Per Fortunato Parisi (Uil) in discusione i più elementari servizi di assistenza ai cittadini

PALAGONIA – “La spesa sociale è a rischio. I tagli statali e regionali mettono in discussione persino i più elementari servizi di assistenza assicurati ai cittadini dai Comuni. I sindaci, intanto, non hanno ancora certezze sui trasferimenti dei fondi”. Lo ha affermato il segretario generale della Uil di Catania, Fortunato Parisi, al termine dell’incontro nel Municipio di Palagonia con il primo cittadino Valerio Marletta, che aveva raccolto l’appello rivolto nei giorni scorsi dall’organizzazione sindacale alle amministrazioni locali per un confronto sulla “progressiva desertificazione di qualità e quantità delle attività assistenziali”. Presente alla riunione anche il responsabile comunale Uila-Uil, Santo Terranova.
Il 13 novembre, Fortunato Parisi si recherà a Militello dov’è stato invitato dal sindaco, Giuseppe Fucile.
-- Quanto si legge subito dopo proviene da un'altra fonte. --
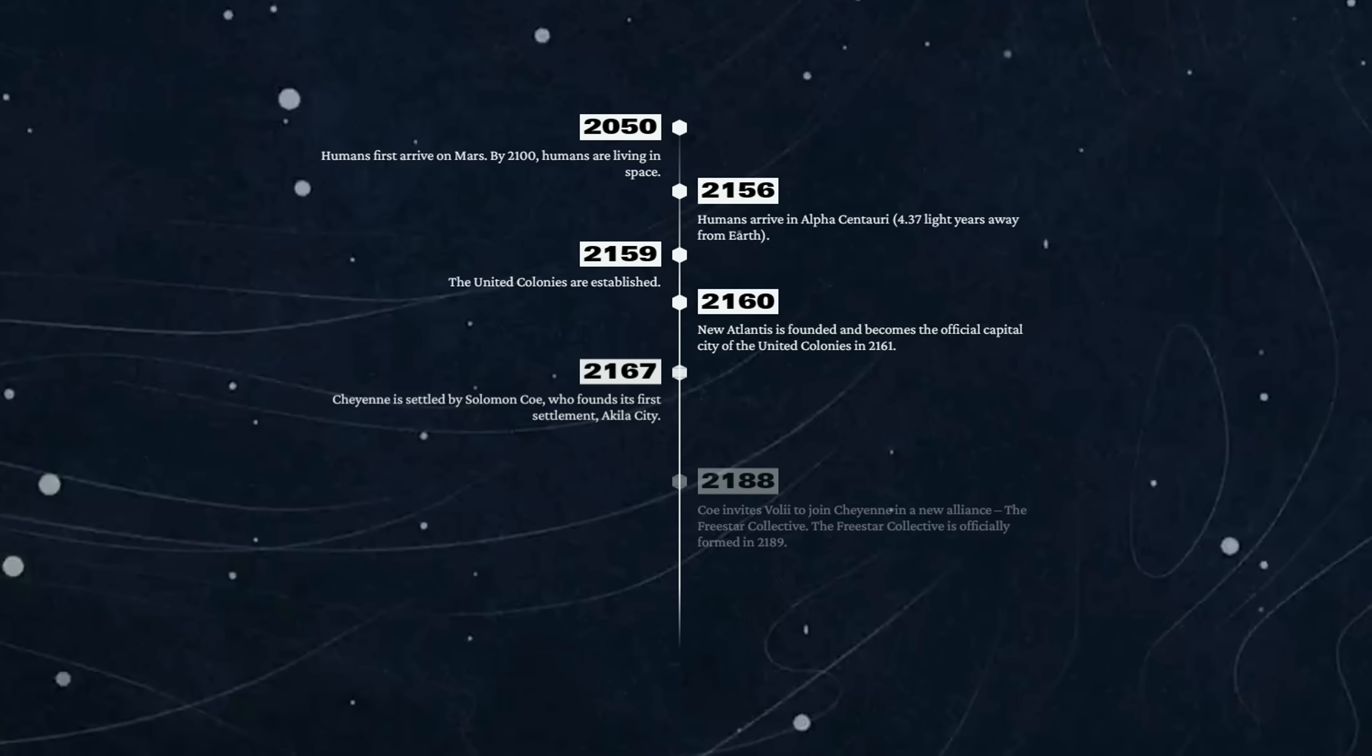2167 - Cheyenne is settled by Solomon Coe, who founds its first settlement, Aquila City. This is approximately seven years after New Atlantis. So we're spreading out. It's taking a few years but not that many actually.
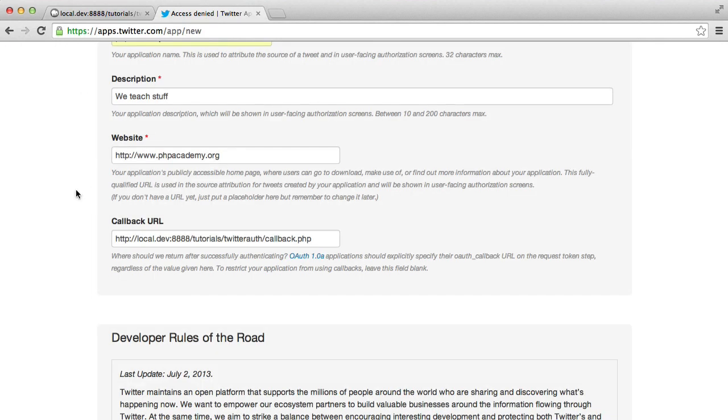And what this is going to do, it's going to read the token that's sent back and that's going to then be the authorization. Otherwise, anyone could just authorize with it.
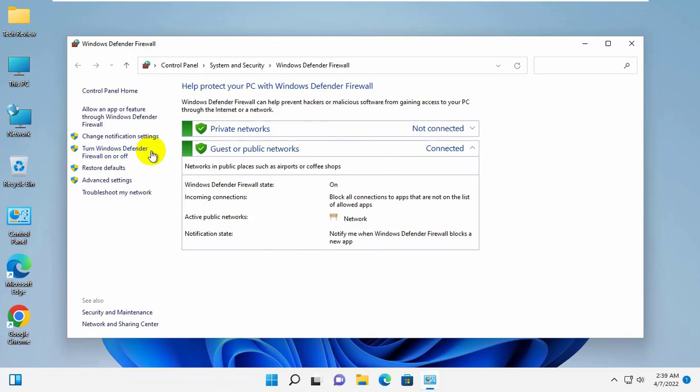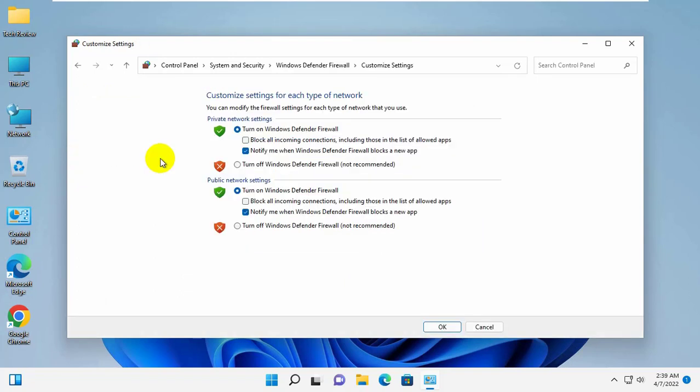On the left side, click on the turn Windows Defender Firewall on or off. By default it is on, but if you want to turn off,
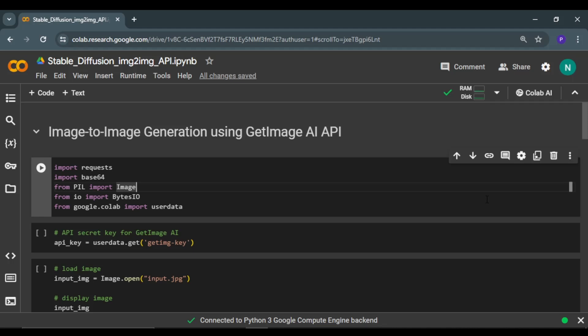Hey guys, welcome back. In this video, I'm going to use the GetImage AI API to perform image-to-image generation. In the previous video, I used the same API to perform text-to-image generation, where the user provides a text prompt and the model generates an image. If you have no idea about this GetImage API, I recommend you check out that video and the link is in the description.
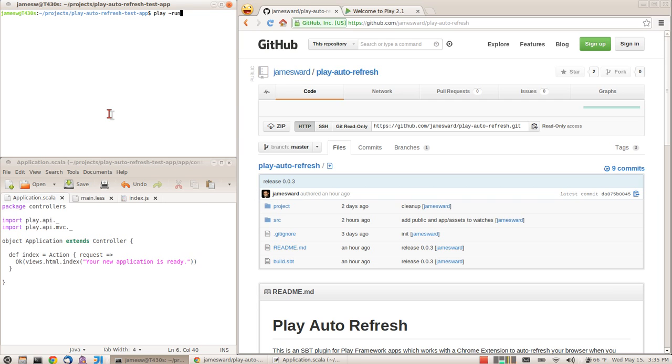I wanted to show you a little project I worked on over the weekend. What it does is automatically refresh your browser in a Play application. Whenever you make changes in a Play app, all you have to do is save your changes, and then Play will automatically recompile or do whatever it needs, and you'll see the changes automatically.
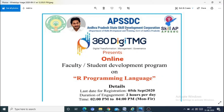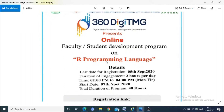Hi everyone, I am looking at Youth Empowerment Channel. In this video, I am going to conduct a free training program with APSSDC in collaboration with 360DC-TMG. I am conducting a free faculty student development program on R programming language.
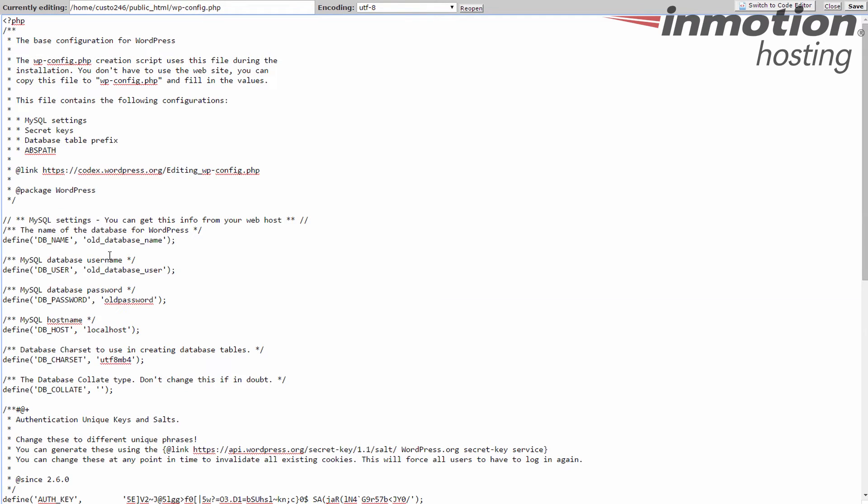Now you can see this shows my old database information. Old database name, old database user, and old password. Using the new information I just wrote down, I'm going to replace that.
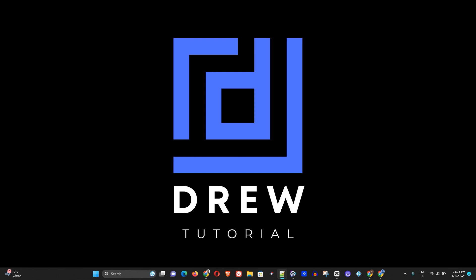Hey guys, welcome back to Drew Tutorial. In today's video, I'm going to share with you step by step how to enable or disable the location services in your Windows computer. The first thing you want to do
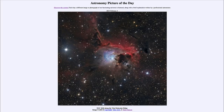Greetings, and welcome to the introduction to astronomy. One of the things that I like to do in each of my introductory astronomy classes is to begin the class with the astronomy picture of the day from the NASA website, that is apod.nasa.gov/apod. And today's picture for February 4th of 2023.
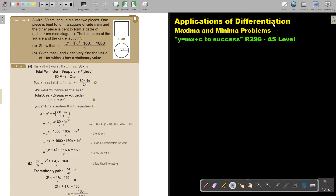Applications of differentiation. In this video we are going to continue with maxima and minima problems. You will find this on page 296 in the Namibia AS level mathematics textbook, Y Equals MX Plus C2 Success.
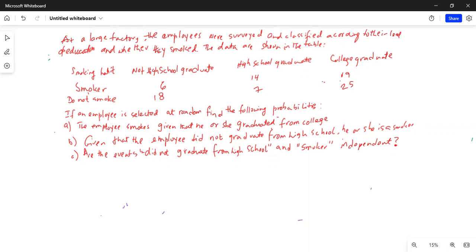At a large factory, the employees were surveyed and classified according to their level of education and whether they smoked. The data are shown in the table. The first column is smoking habit, the second column is 'not high school graduate', the third is 'high school graduate', and the fourth is 'college graduate'. There are two rows: smoking and do not smoke, for each level of education. This kind of table is called a contingency table.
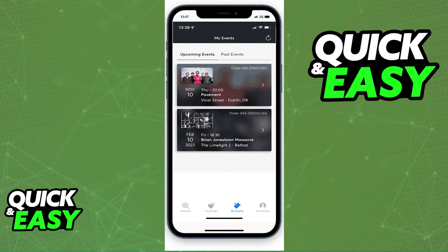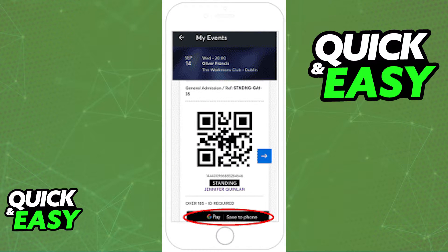if you download the latest version of the Ticketmaster mobile app on your Android device and open it up, you will be able to sign in using your credentials to access your events page, where you can see all the tickets you have for upcoming events. When you tap on any ticket, you will be able to see its details, and if you scroll down past the QR code displayed, you will find this button on an Android device: Google Pay Save to Phone.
Analoga iniziativa è stata assunta in queste ore dal primo cittadino di Ramacca, Francesco Zappalà.
Anche alla luce delle preoccupazioni manifestate da Valerio Marletta, il segretario Uil Fortunato Parisi ribadisce come “la spesa sociale sia minacciata da tagli concentrici contenuti nella Legge di Stabilità del governo Renzi e nelle manovre finanziarie della Regione che si abbattono sui Comuni, impegnati a rimediare i danni prodotti in decenni di sprechi e debiti”.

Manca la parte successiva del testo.